Les chiffres sont sans équivoque : en France, en 2020, le nombre de fumeurs ne diminue plus. Pire, il serait en légère augmentation selon une étude de Santé Publique France (1). Si cela peut donner à réfléchir dans le contexte de pandémie mondiale et de confinement de l’année dernière, la stabilisation du nombre de fumeurs aurait déjà commencé avant le 1er confinement, selon la même étude.
La Suisse, elle, se classe dans la moyenne européenne en termes de nombre de fumeurs. Cependant, elle applique des lois plus laxistes que ses voisins. En effet : jusqu’en 2016, en Suisse, il suffisait d’avoir 16 ans pour pouvoir légalement acheter des cigarettes. De plus, actuellement, le paquet neutre (sans l’emballage propre à la marque) n’y est pas utilisé, et le prix du paquet est inférieur à celui appliqué en France.
Conscient de la situation, le conseil fédéral a proposé fin 2016 une modification de la loi interdisant la vente de tabac aux moins de 16 ans, et régulant la publicité sur divers supports tels que la télévision, les affiches urbaines ou la radio.
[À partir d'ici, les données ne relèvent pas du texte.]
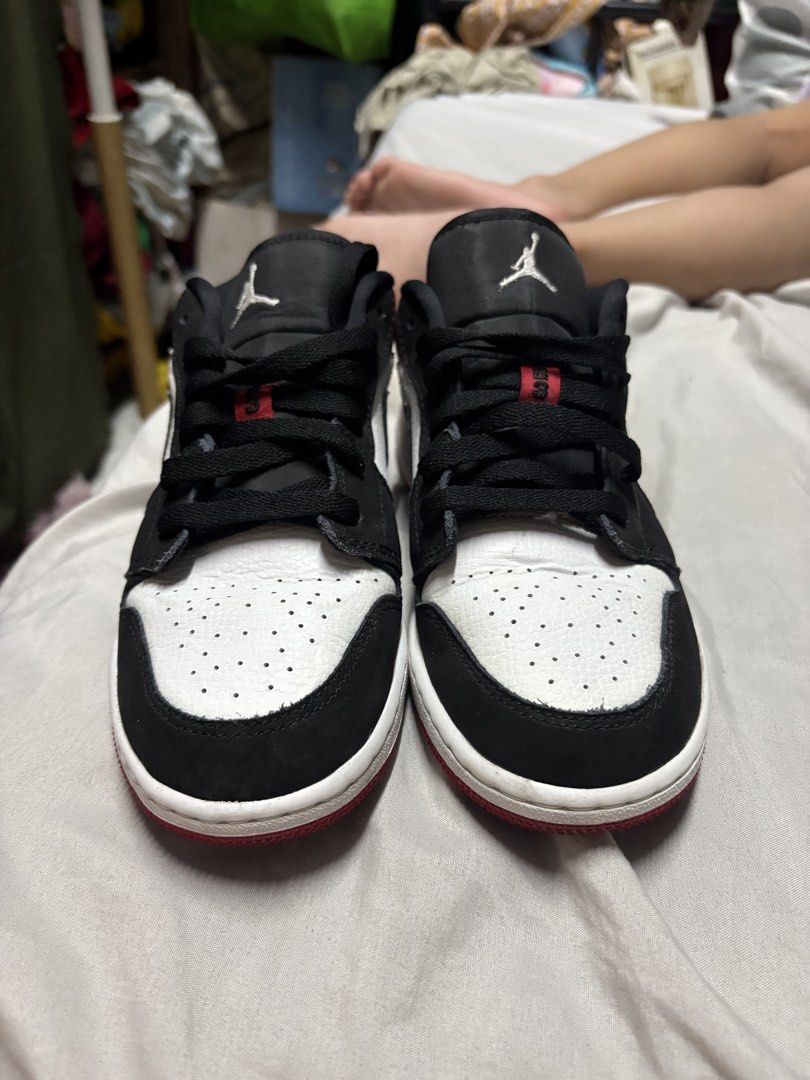 Air Jordan 1 Low Chicago Black White Red (Category: Sneakers) located in Manila. Submitted by campillane44002 (Listing ID 1440297693, Image 3). Description: - Classic Air Jordan 1 Low - Iconic Chicago colorway (black, white, red) - Perfect for everyday wear - Shows some signs of use on soles and toe box - Still has plenty of life left - Grab these must-have kicks!.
Elle a été adoptée fin 2017. Mais à l’ère du numérique, interdire la publicité radiophonique est probablement de faible impact sur le public. En effet : chaque jeune Européen passe en moyenne 2,3 heures quotidiennes sur son téléphone portable. Autant de temps au cours duquel le cerveau est réceptif aux informations qu’il reçoit, parmi elles la publicité.
C’est donc sans surprise que les fabricants de tabac se sont approprié les réseaux sociaux pour en faire leur support publicitaire principal et le plus efficace en Suisse, principalement dans la tranche d’âge la plus exposée : les 15-25 ans. Et c’est sur Instagram que ça se passe.
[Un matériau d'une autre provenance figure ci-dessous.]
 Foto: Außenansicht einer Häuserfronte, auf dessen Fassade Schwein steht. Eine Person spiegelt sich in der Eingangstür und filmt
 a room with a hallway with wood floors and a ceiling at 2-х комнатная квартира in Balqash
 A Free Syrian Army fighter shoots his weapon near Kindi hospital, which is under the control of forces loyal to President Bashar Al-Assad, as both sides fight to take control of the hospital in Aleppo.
Il y a deux stratégies publicitaires déployées par les fabricants sur Instagram. La première est l’utilisation de l’algorithme du réseau social, servant à cibler les spots publicitaires lorsque les utilisateurs sont dans l’application. De cette manière, les vendeurs peuvent proposer leur contenu en toute liberté, atteignant directement un public ciblé.
La seconde stratégie est elle aussi connue, et son efficacité, bien que certaine, est difficile à mesurer avec précision. Elle consiste en l’utilisation d’influenceurs (personnes avec une forte audience sur le réseau social) pour promouvoir le produit. À la façon des marques de prêt-à-porter ou de cosmétiques, les tabatiers utilisent ces utilisateurs au public jeune et réceptif pour alimenter l’image festive, jeune et « cool » de la cigarette, avec un effet certain sur le public cible.
Des témoignages des influenceurs en question ont été recueillis par le site TakeAPart.org, qui a également dévoilé le type de proposition de collaboration reçue par ces mêmes influenceurs :
L’utilisateur, qui souhaite rester anonyme, avoue avoir quelques fois cédé aux offres alléchantes des fabricants de cigarettes, sans toutefois donner de chiffre. Et selon ce même site (2), il y aurait environ 400 millions d’influenceurs concernés à travers le monde.
400 millions d’influenceurs, des sommes qui se chiffrent en milliards de dollars et une législation nationale et internationale qui peine à s’adapter aux nouveaux modes de communication : voici quelques-unes des raisons pour lesquelles la publicité contre le tabac prospère. Certes, le confinement causé par la pandémie de COVID-19 a joué un rôle dans la stabilisation du nombre de fumeurs en 2020. Mais une chose est certaine : tant que les jeunes seront soumis à sa publicité, le tabac aura encore de beaux jours devant lui.